We say, “Don’t judge a book by its cover,” but we do. Sometimes we find that we were wrong in our assessment of other people, places and things, but we always use that first impression as a guide. Often we can’t explain why we feel that way about our encounters; we just feel an affinity. Certain feelings are triggered, and we act on the feelings.
On occasion, these reactions are pretty strong. “I haven’t been able to stand him from the first moment I laid eyes on him.” “I walked into that room, and I just felt at home.” “When I looked around me, I suddenly felt at peace.” In those situations, lasting relationships may develop. We may continue to visit that perfect, peaceful place. We may make new friends. Perhaps that person we couldn’t stand is really a nice guy, but he’ll have an uphill struggle to prove it — or maybe we’ll change our minds after watching him for a while. Nonetheless, first impressions are a powerful influence on our attitude and trust.
Sometimes we just don’t know how to deal with people. That can be especially true of first encounters. It is important to always remember that people respond to how we make them feel. If we seem to feel superior to them, that will most likely trigger anger. If our approach is parental, that’s sure to trigger old stuff. If we fail to smile, they will sense our disapproval — even if it’s only in their heads. If we seem indifferent, they will feel rejected.
Intentions speak louder than words. If it is truly our intent to welcome folks, they will feel welcome. If we think well of them until they prove otherwise, if we listen to them with compassion (wishing others well) they will feel safe. If we meet them with a smile, they will feel accepted. If we treat them with respect and compassion, they will believe they have value.
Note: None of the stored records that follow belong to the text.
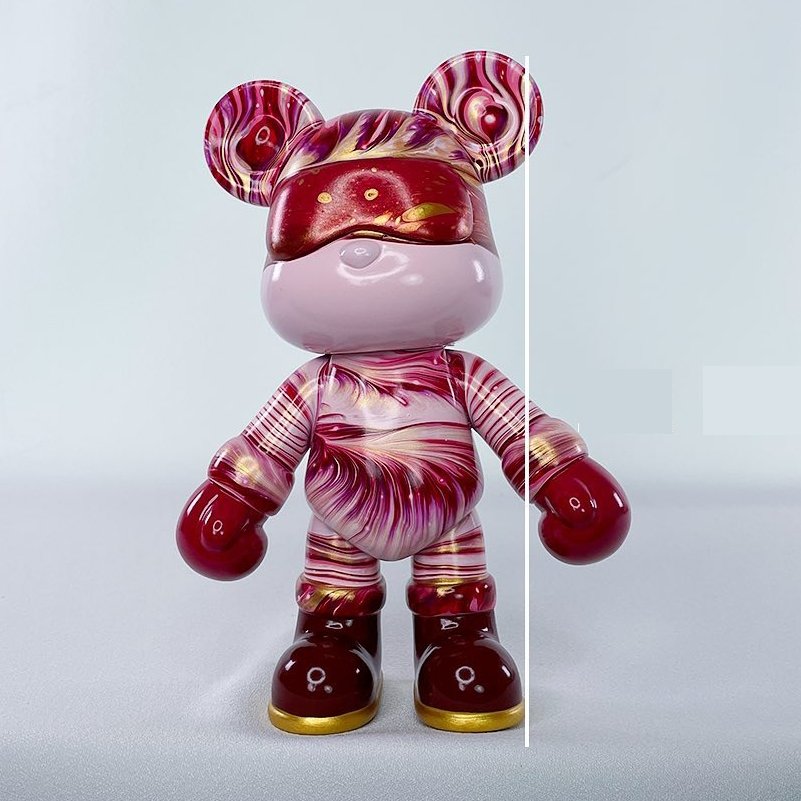 Kit Moshibear Astronaute - Moshibear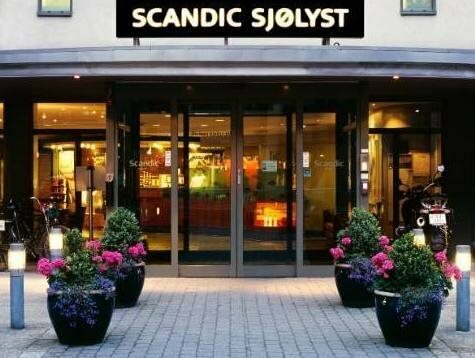 Scandic Sjølyst, Rezervați Hotel Hoteluri în Oslo County cu mic dejun, Mic dejun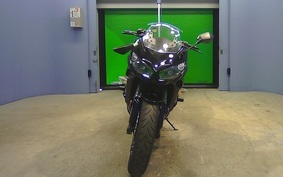 KAWASAKI NINJA 1000 2011 ZXCG16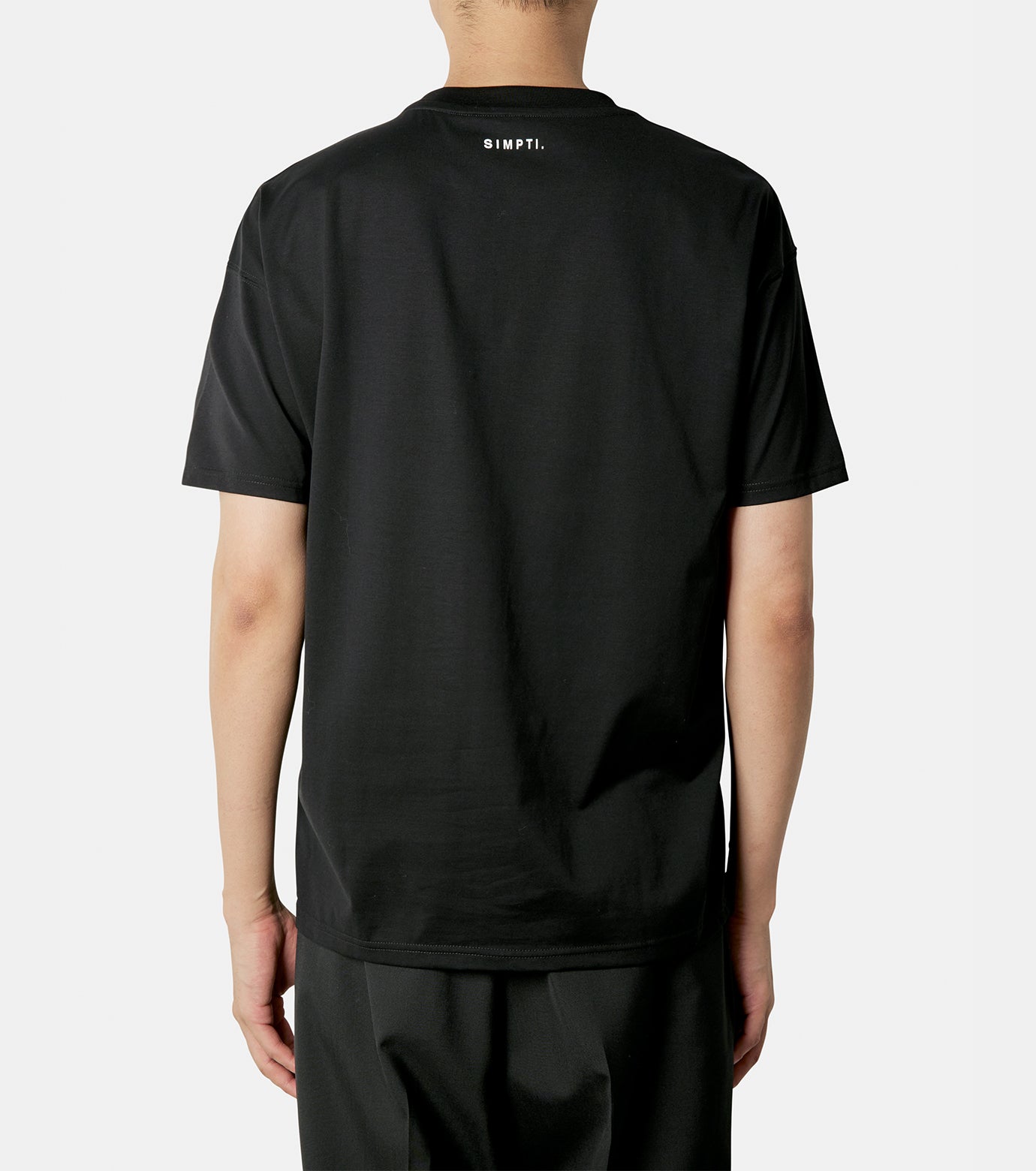 Graphic T-Shirt “Beyond The Finder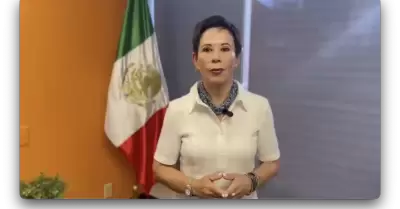 ALICIA KERBER PALMA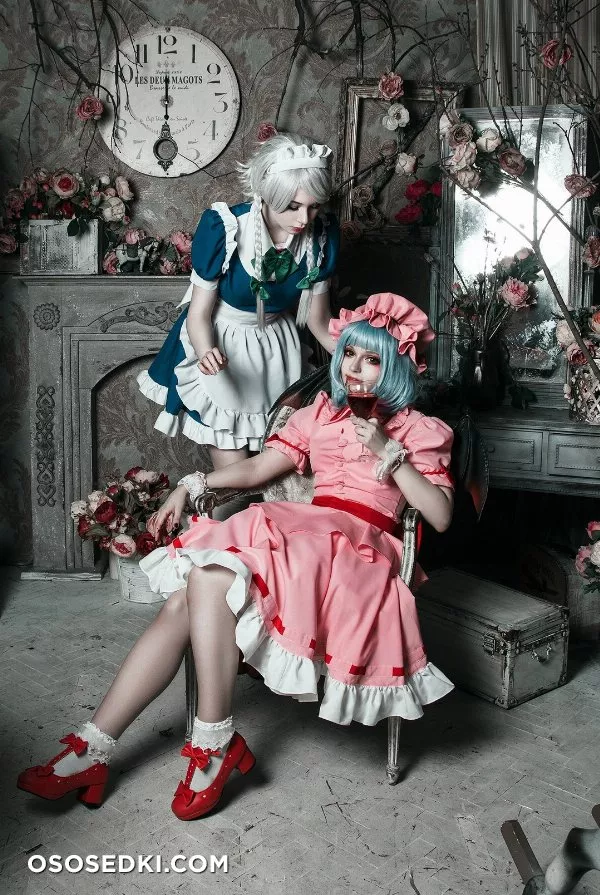 [ Touhou Project ] - 7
We all leave first impressions, individually and in our fellowships. We’re affected by the people, the ambiance, the sharing (Is it hard-core or loving?), the attitude of the greeter at the door, and so on. Creating a good first impression is critical, especially dealing with newcomers.
We develop the ability to put others at ease by becoming at ease with ourselves. If we learn to be mindful of the ways we think of ourselves and can begin to become aware of our own feelings, we can be more mindful of the ways in which we relate to others. Meditation can help us with that. It isn’t necessary to have wise words; all we need is to be ourselves — to be real.